A negative example: website of Quicken: designed not for or about the user, but is about selling Quicken. Compare that to:


Mint.com -- a personal finance site. Note the emblazoned banner: “the best (free) way to manage your money.” This website is not about Mint.com, but about the user. It is a website whose design is based on user's fears and desires. We didn't come to this website to learn about Mint. We came to fix our financial life. Secondary to that is using Mint.


If you fail to consider user goals in seeking your business objectives, you won’t deliver useful content. If you can align user goals with your business objectives you’ll strike the right balance.

Three examples of companies that deliver useful content and do it well:


1. REI (cold weather clothing and gear): They provide a library of articles (texts and videos) that help all levels of visitors. There are 100-200 original articles by staff members (not aggregated from other sources) targeted to specific activities. They've invested in an in-house editorial team.


2. Room & Board : On their website they don’t just tell you about the furniture, but have interview with their artisans. They let you behind the scenes to show you how these artisans have created the furniture. (This helps the user to establish a connection with the products.)

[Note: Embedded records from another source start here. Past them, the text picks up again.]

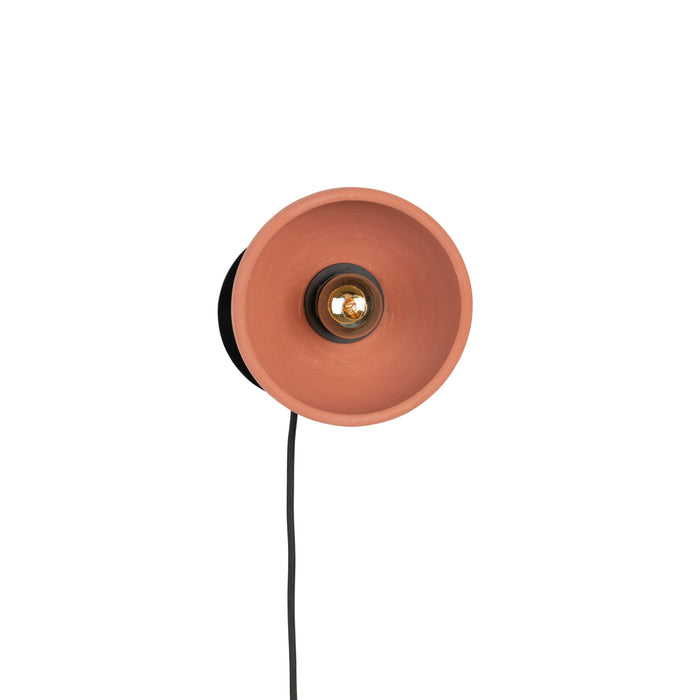 Dutchbone Zahra Wandlamp Terracotta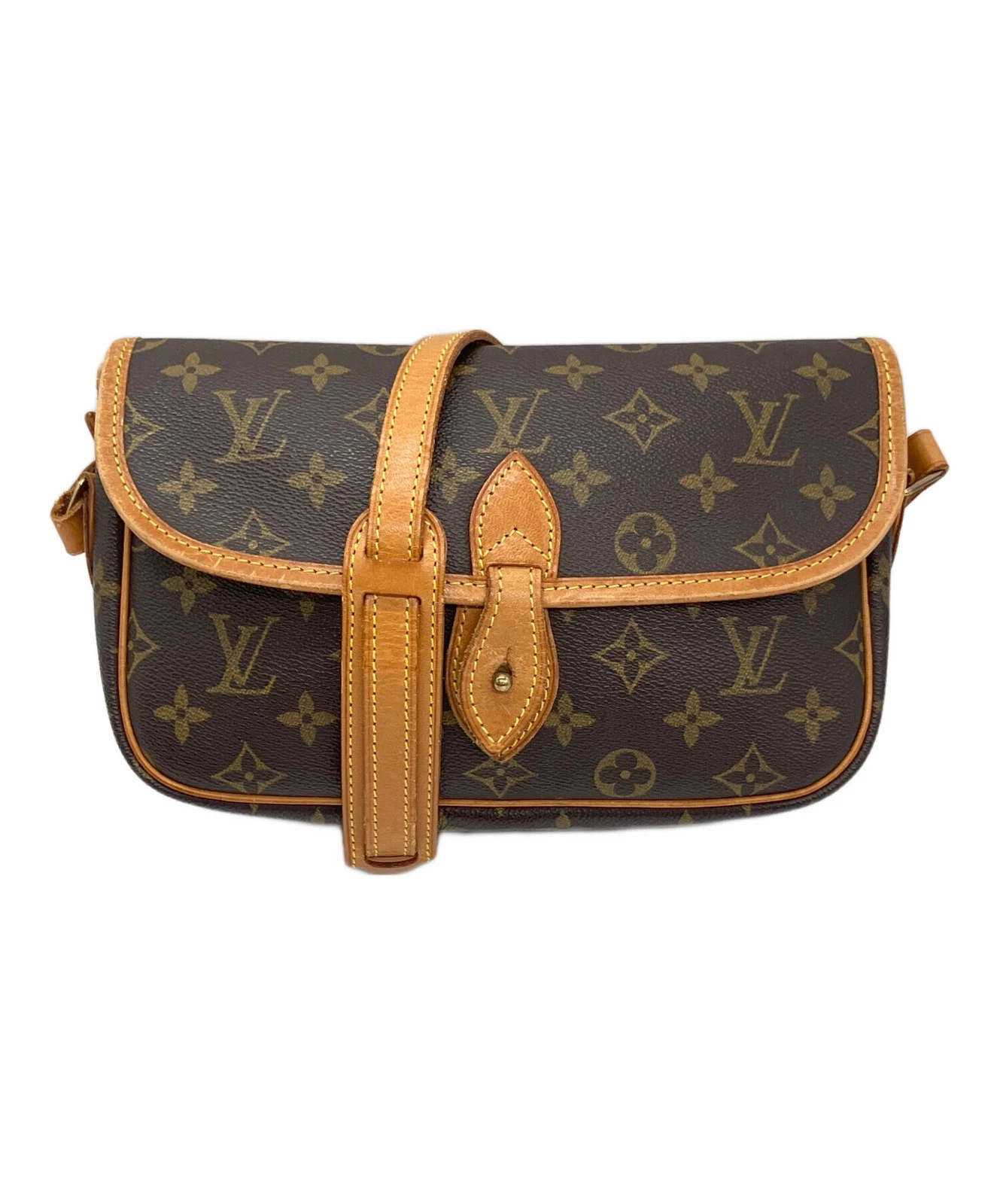 Vuitton — Louis Vuitton PM PM M42248 Coated Canvas Shoulder Bag #TFB2746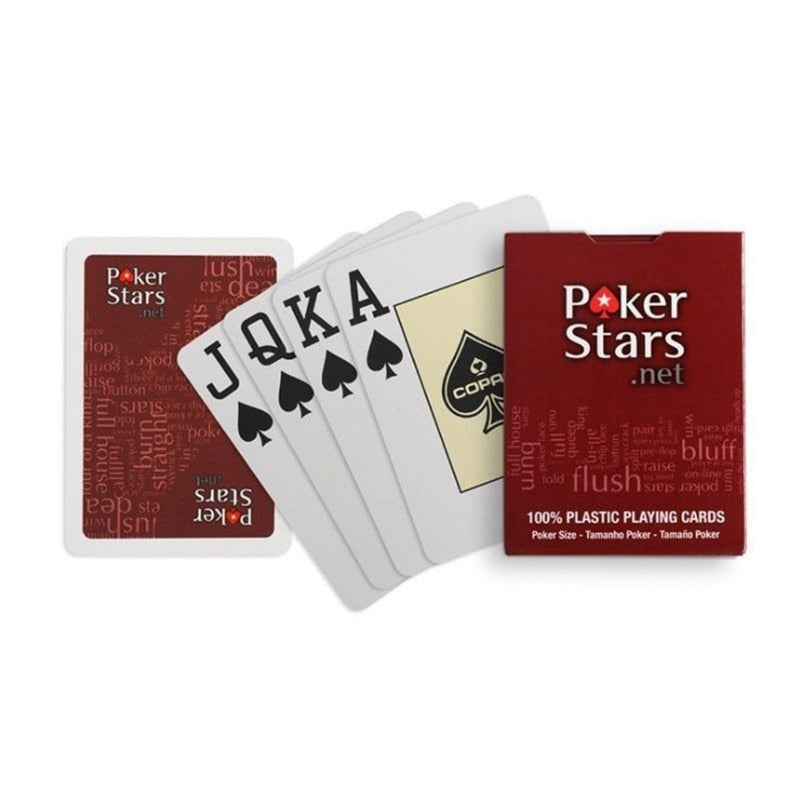 Set de cartas Poker Stars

3. Ford Models . Their YouTube channel brings users “backstage” where they have interviews with models and designers. Studio artists and models deliver real-world tips and tricks about makeup, hair, and taking care of oneself. So it brings people not just backstage but delivers useful information to users (and potential models and Ford candidates). They simply asked: “What do girls want?” to determine how they should model their website.


So...


How does content strategy work? There are four parts:

Plan. Create. Deliver. Govern.

Plan:

Process:

  • What do we have?
  • What are we trying to do?
  • What do our content ecosystems look like? (all factors that have impact on living thing of content)
  • What are our opportunities, risks, and success metrics? (SEO) - How are you going to measure success? (fixing content is not a measure of success – you must measure how success is made)


Your content is organized by a content inventory. This inventory only identifies content and a few notes. It is a quantitative audit by which you obtain:

  • measurable project outcomes.
  • content recommendations for your project:
  • What do our content ecosystems look like?
  • What are our opportunities, risks, and success metrics? Consider external and internal factors.
  • The Plan:


Your plan should form a continuous circle of learning / creation / examination, or Create, Deliver, Govern.


This is the mantra of social media: you must be ready to stay engaged. No longer can you create content and then leave it to dry out, age, and spoil.


What do you get? Multiple benefits: better user experience, great brand consistency, new operational efficiencies, better risk management, improved SEO, and more effective personalization and targeting.


How can you start?


Currently we think of content as the responsibility of a writer. But it requires more functions. We need to recognize content as a complex thing and the responsibility of many. Marketing tasks in all their variety are activities which can be considered content. We must have processes in place that recognize the web as an eco system.


In closing Halvorson admonished us:


You are a publisher - treat your content as a critical business asset.